In a culture in which the primary currency was not money, but honour, in which it was critically important to be seen with the right people, Jesus mixed with the least, with the outcast, with those who had no honour to offer – women, foreigners, lepers, children – and he encouraged his followers to do the same.

He became ordinary, and mixed with the lowest and the least. Having set aside the status of the divine, rejected the status of the powerful, he even set aside the status of the ordinary.

But even that was not enough.

he humbled himself

   and became obedient to the point of death—

   even death on a cross

He humbled himself to death – even death on a cross.

For death on a cross meant far more than simply the end of life. Under Jewish law a common criminal might be executed by stoning – but to die ‘hung on a tree’ was not just to be killed, but to be cursed.

And in secular terms, crucifixion was far more than the execution of the guilty. It was a deliberate demonstration of power. It was Roman Empire making it absolutely clear who was in charge, and what happened to those who rocked the boat.

Crucifixion was more than death: it was retribution, it was public humiliation, it was a curse. It was the profoundest declaration that you were small, unimportant, defeated.

Jesus’ humility took him not just from heaven to earth, not just to a common family instead of a royal house, not just to identify with those society excluded, not even just to death, but to death on a cross. Pushed out of the world onto the rubbish heap.

In his death Jesus identified himself with the victims, with the humiliated, the cursed. This is the nature of God’s humility. To lay aside glory and be found amongst the least.

Jesus is not to found amongst the wealthy and powerful; but with the marginalised, the degraded, the outcast, the victim.

None of us have the prestige, the position, that Jesus had; we aren’t even rulers within our culture, heads of states, CEOs, the 1% – most of us, anyway.

But we do enjoy privilege.

Many of us would never have been questioned for our sexuality, were born in a body that conforms to our gender identity, have minds that work in a neurotypical way. Many here have never been overlooked because of the colour of their skin, or the accent with which they speak.

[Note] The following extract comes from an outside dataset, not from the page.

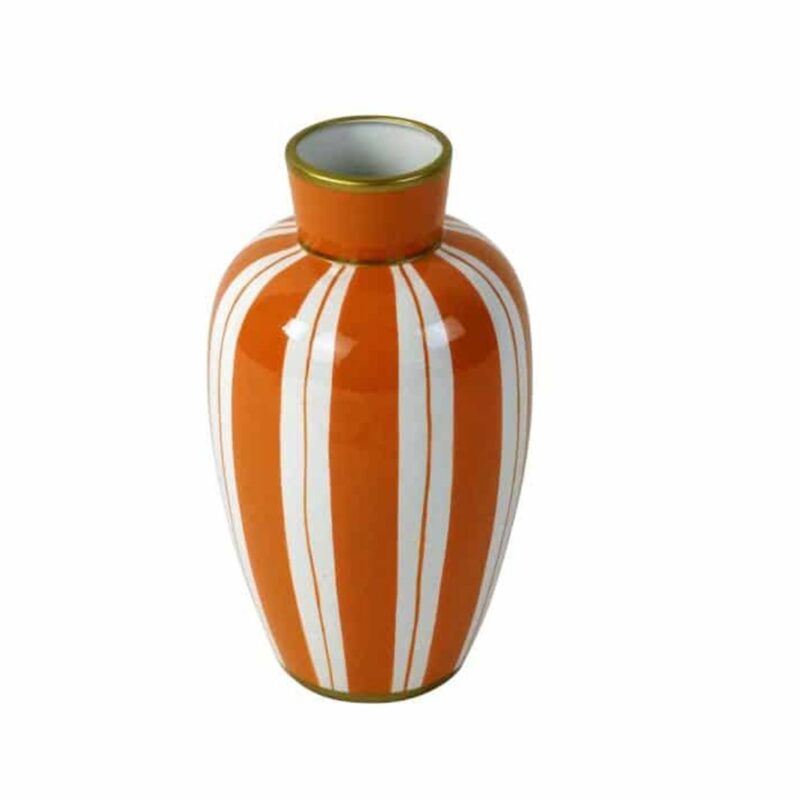 VASE MANDARINO STRIPED PATTERN ORANGE-WHITE HAND-PAINTED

Others here, of course, do not enjoy those privileges. But most of us do.

And whenever privilege is named, people feel threatened – and are quick to trot out the label ‘woke’ (a word once used by the oppressed as a compliment to an ally – so I will wear it with pride, if offered).

But perhaps too often absent in this conversation is the example of Jesus, who, as God, had every privilege imaginable; but willingly gave them away, or had them taken away; willingly went from the heights of all creation to becoming the lowest of executed, humiliated victims.

Because it was more important for him to stand alongside those who had nothing than to hold on to what he had.

But, of course, that is not the end of the story. For Paul’s glorious poem continues:

Therefore God also highly exalted him

   and gave him the name

   that is above every name,

Therefore God highly exalted him.

Not ‘and after that, God exalted him’. This isn’t just telling us that God restored Jesus to his exalted position after he had finished his work.

‘Jesus humbled himself, therefore God exalted him’.

Therefore.

God’s raising of Jesus, God declaring that the name of Jesus would be above all other names, that Jesus would be the one identified for all time as the Lord of the Kingdom of God, that it would be Jesus’ reign we would still be celebrating two thousand years later, that before him every knee would bow, and every tongue would name him Lord – all that follows the ‘therefore’.

It is because of his identification with the humble, the ordinary, the victim, the outcast, that Jesus has been elevated so by God.

The reign of God is a realm ruled over by the one who, more than anyone else in the whole of the cosmos, was willing to set aside what was rightfully his in order to stand alongside those he loved.

That is humility. That is the triumph of the one who rode into Jerusalem. God’s highest place goes to the one who took the lowest.

Whatever the world say, humility wins.